Ihr Zweck ist es nicht, das Vergangene
auszulöschen, sondern das Wertvolle
unsterblich zu machen.
Abschiednehmen bringt viel Kummer und
Sehnsucht mit sich. Insofern ist der
Jugendliche ein Trauernder, doch ein
Trauernder, der zunächst nur verschwommen
erkennt, was er verliert und was so schwer zu
verschmerzen ist, die leidenschaftliche Bindung
an die Eltern und an die Dialoge, die einst den
Mittelpunkt seiner kindlichen Existenz
bildeten.
Die Adoleszenz ist eine Zeit des Umbruchs,
die den Heranwachsenden mit Ängsten,
Nöten und Sorgen plagt, aber auch
Sehnsüchte und Hoffnungen in ihm
weckt.
Der Abschied von der Kindheit ist nicht nur
eine Wiederholung der kindlichen Szenarien,
sondern gleichsam ein Rangier- und
Verschiebebahnhof, in dem die Weichen für
die Zukunft, bewusst oder unbewusst, noch
einmal neu gestellt werden.
Anna Freud, 1996:
”Der Jugendliche ist gleichzeitig im
stärksten Masse egoistisch, betrachtet
sich selbst als den Mittelpunkt der Welt, auf
den das ganze eigene Interesse konzentriert
ist, und ist doch wie nie mehr im späteren
Leben opferfähig und zur Hingabe bereit.
Er formt die leidenschaftlichsten
Liebesbeziehungen, bricht sie aber ebenso
unvermittelt ab, wie er sie begonnen hat. Er
wechselt zwischen begeistertem Anschluss an die
Gemeinschaft und unüberwindlichem Hang
nach Einsamkeit; zwischen blinder Unterwerfung
unter einen selbst gewählten Führer
und trotziger Auflehnung gegen alle und jede
Autorität.

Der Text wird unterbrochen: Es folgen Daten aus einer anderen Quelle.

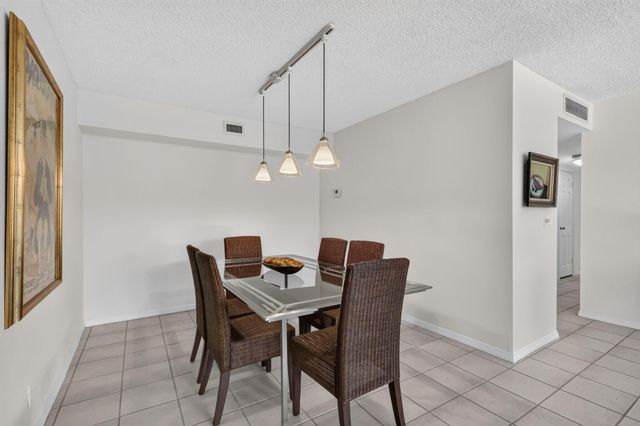 2220 S Ocean Boulevard 302, Delray Beach, FL 33483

Er ist eigennützig und
materiell gesinnt, dabei gleichzeitig von hohem
Idealismus erfüllt. Er ist asketisch, mit
plötzlichen Durchbrüchen in
primitivste Triebbefriedigungen. Er benimmt
sich zuweilen grob und rücksichtslos gegen
seine Nächsten und ist dabei selbst
für Kränkungen aufs äusserste
empfindlich. Seine Stimmung schwankt von
leichtsinnigem Optimismus zum tiefsten
Weltschmerz, seine Einstellung zur Arbeit
schwankt zwischen unermüdlichem
Enthusiasmus und dumpfer Trägheit und
Interesselosigkeit.”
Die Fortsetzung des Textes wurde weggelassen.